→ **Work instructions**
Across all the records, filter for lines with the word "FTTH" and copy them.

BEGIN Data for this task

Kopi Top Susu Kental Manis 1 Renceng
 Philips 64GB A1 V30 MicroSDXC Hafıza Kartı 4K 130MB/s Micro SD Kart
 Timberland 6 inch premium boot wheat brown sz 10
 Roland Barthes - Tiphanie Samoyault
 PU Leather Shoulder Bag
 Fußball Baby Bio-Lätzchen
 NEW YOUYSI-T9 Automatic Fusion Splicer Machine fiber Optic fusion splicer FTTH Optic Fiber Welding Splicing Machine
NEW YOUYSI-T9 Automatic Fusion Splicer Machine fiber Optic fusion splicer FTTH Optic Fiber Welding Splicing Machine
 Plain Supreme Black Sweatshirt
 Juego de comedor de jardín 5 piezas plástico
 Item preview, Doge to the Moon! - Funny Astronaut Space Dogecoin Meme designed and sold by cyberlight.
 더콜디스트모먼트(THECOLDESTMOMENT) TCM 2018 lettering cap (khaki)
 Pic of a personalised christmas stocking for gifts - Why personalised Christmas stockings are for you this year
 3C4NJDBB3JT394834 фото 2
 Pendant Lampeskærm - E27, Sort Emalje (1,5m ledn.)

END Data for this task

→ **Output of the task**
 NEW YOUYSI-T9 Automatic Fusion Splicer Machine fiber Optic fusion splicer FTTH Optic Fiber Welding Splicing Machine
NEW YOUYSI-T9 Automatic Fusion Splicer Machine fiber Optic fusion splicer FTTH Optic Fiber Welding Splicing Machine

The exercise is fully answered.